A nostro modesto avviso e come abbiamo già avuto modo di commentare in passato, la politica dei governi Berlusconi in materia di previdenza e lavoro è stata semplicemente inesistente. Mentre è stata del tutto folle quella portata avanti dal governo Monti, che oggi si permette di dare del pazzo a chi l’ha preceduto. Il governo dei tecnici, vuoi per accondiscendenza accomodante nei confronti della destra, vuoi per non inimicarsi la sinistra di Bersani, ha realizzato riforme senza senso o blande, oppure s’è accollata la responsabilità di rendere operativi progetti di legge scriteriati e vessatori, programmati dal governo Berlusconi con ricaduta sugli anni successivi alla conclusione del suo governo, come IMU e redditometro per le famiglie. Così facendo il Professore è caduto nella trappola del malcontento sociale diffuso, ispirato probabilmente dall’ansia cieca di realizzare nel brevissimo termine condizioni di riequilibrio dei conti pubblici. Ciò avrà anche consentito al Paese di riconquistare una credibilità internazionale oramai caduta sotto lo zero con la presenza di Berlusconi e la sua corte dei miracoli, ma ha marchiato Monti con lo stampo indelebile dello strozzino, che lo rende inviso ad una rilevante parte dei cittadini.
D’altra parte, non basta ora inveire con english humor o con sapiente eleganza nei confronti del PdL o della sinistra, definendo queste componenti come potenzialmente inadeguate alla guida dell’Italia in caso di successo elettorale, né promettere che alcune delle recenti imposizioni varate possano essere soggette a rimodulazioni migliorative. La sua ottusa politica di rigore lo ha scioccamente indotto a non valutare che alcuni miglioramenti, se possibili, avrebbero potuto realizzarsi prima della trasformazione in legge dei progetti cantierati dal governo Berlusconi. Pertanto, prenderne oggi le distanze o fingere di prendere atto del gravissimo disagio sociale provocato non redime la sua immagine di massacratore dell’economia, ma suona quasi un’ignobile beffa.
 Ovviamente l’esito delle elezioni è tutto in divenire, ma nello scenario corrente, dove si prevede una vittoria delle sinistre, appare ardita l’ipotesi che il piano confindustriale basato sui presupposti prima detti possa trovare positiva accoglienza.

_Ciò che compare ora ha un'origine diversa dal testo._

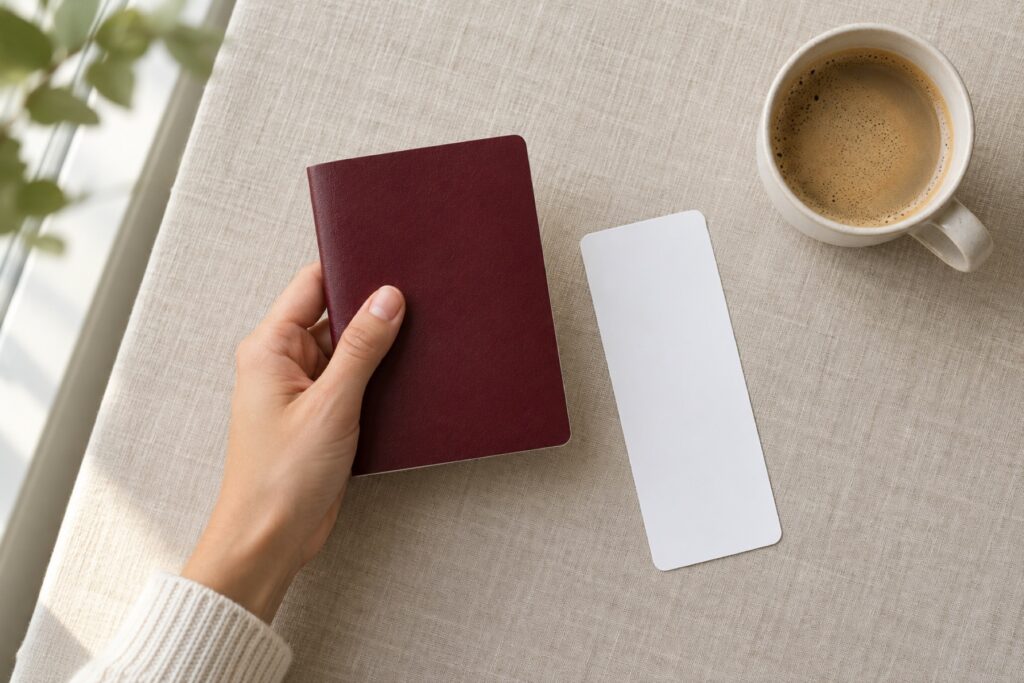 Hand holding a passport over a desk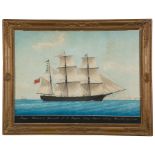 French School, mid-19th c ., "Barque Onwards of Yarmouth, N.L. Hayden Trefry Master, entering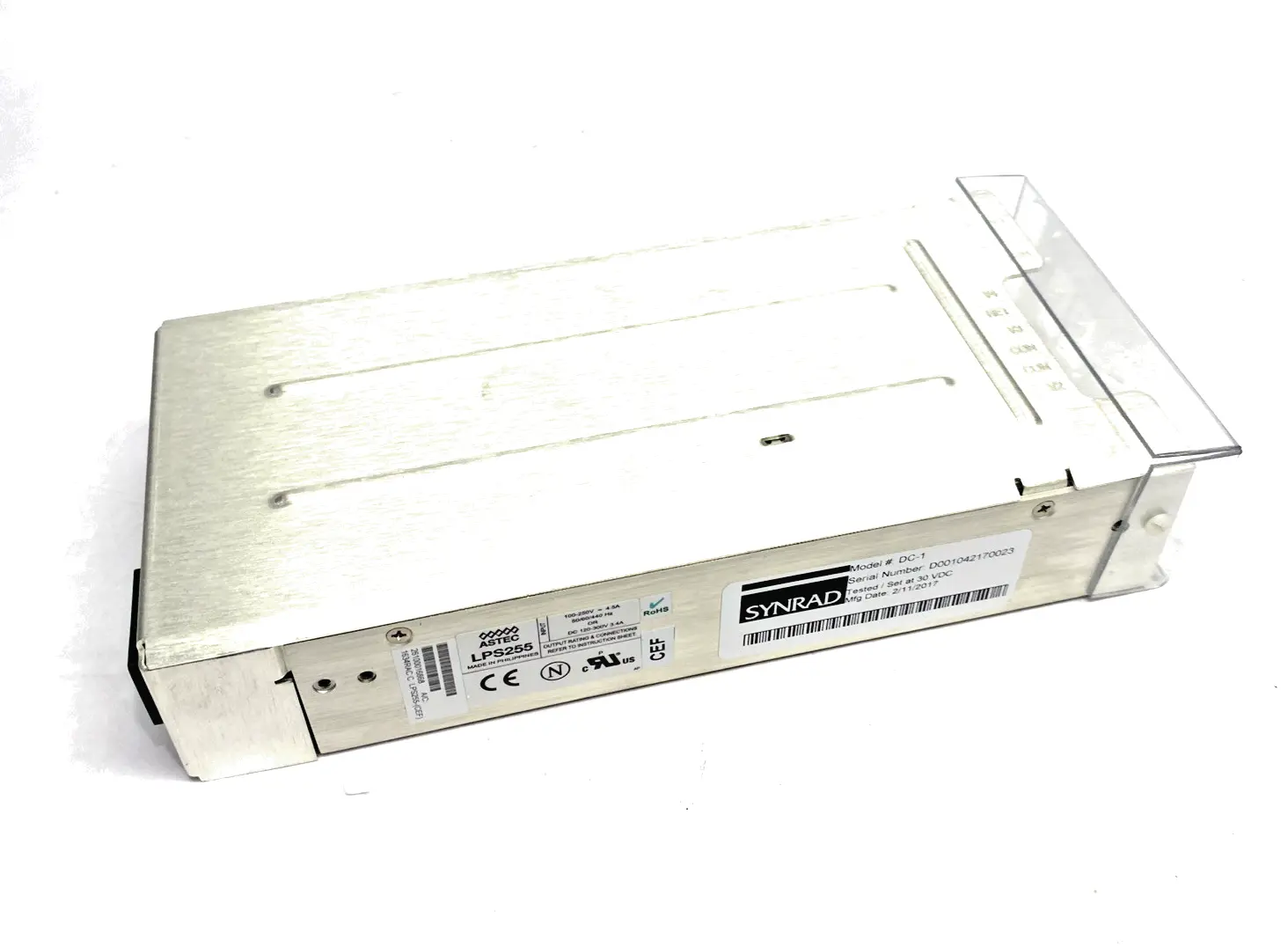 USED ASTEC SYNRAD POWER SUPPLY UNIT 100-250V~4.5A OR 120-300VDC 3.4A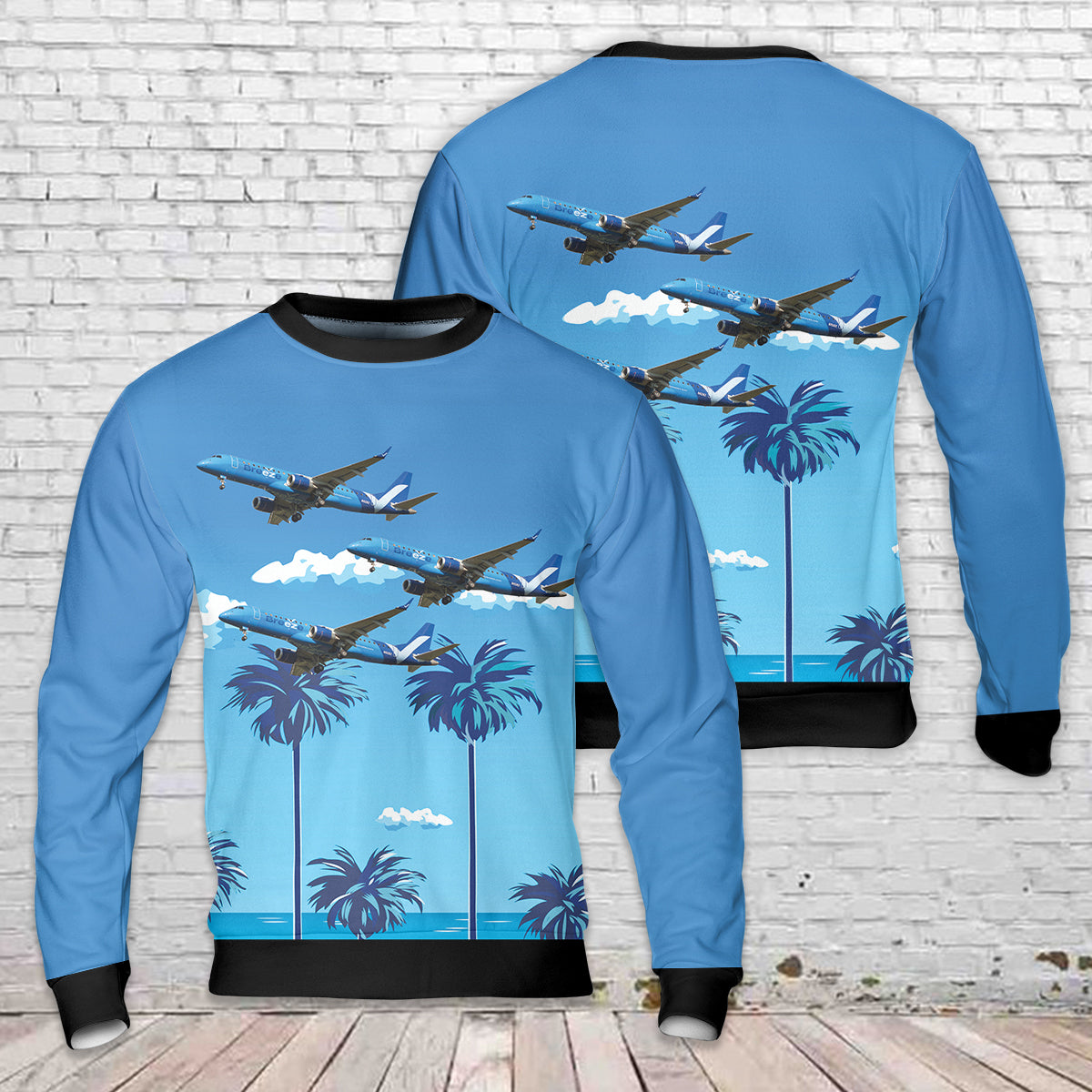 Breeze Airways E190 Christmas AOP Sweater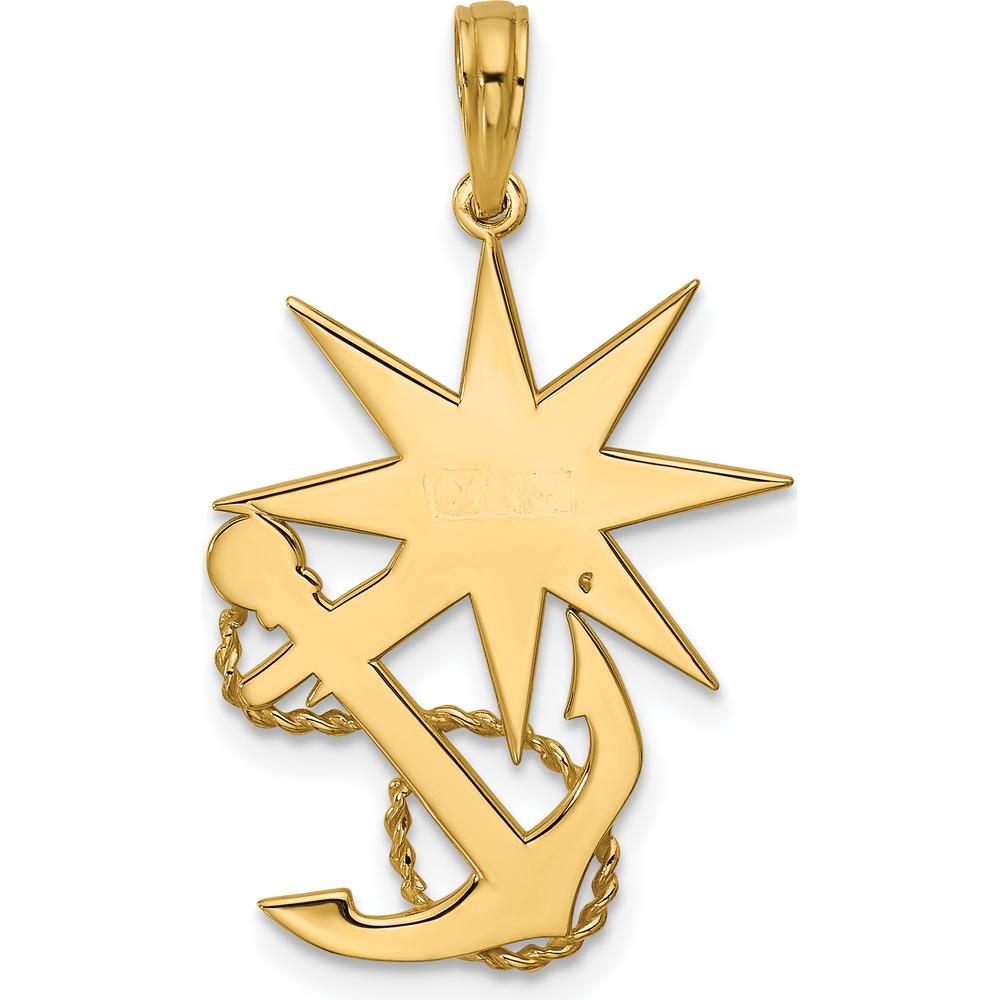 14K Yellow Gold Polished Compass and Anchor Pendant with Rope Design by Oro Pregiato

Non va dimenticato che il governo di Romano Prodi cadde sullo scontro tutto interno tra le vere anime riformiste e le resistenze delle componenti conservatrici presenti dei DS, oggi PD. Ed uno scontro tra Bersani e Vendola, pronosticato e augurato da più parti, non sarebbe che la condizione per un nuovo periodo di relegazione nel cuneo d’ombra delle attese di coloro che vedono in questa sinistra un opportunità per riparlare finalmente d’equità, di giustizia sociale, di lavoro e di progresso.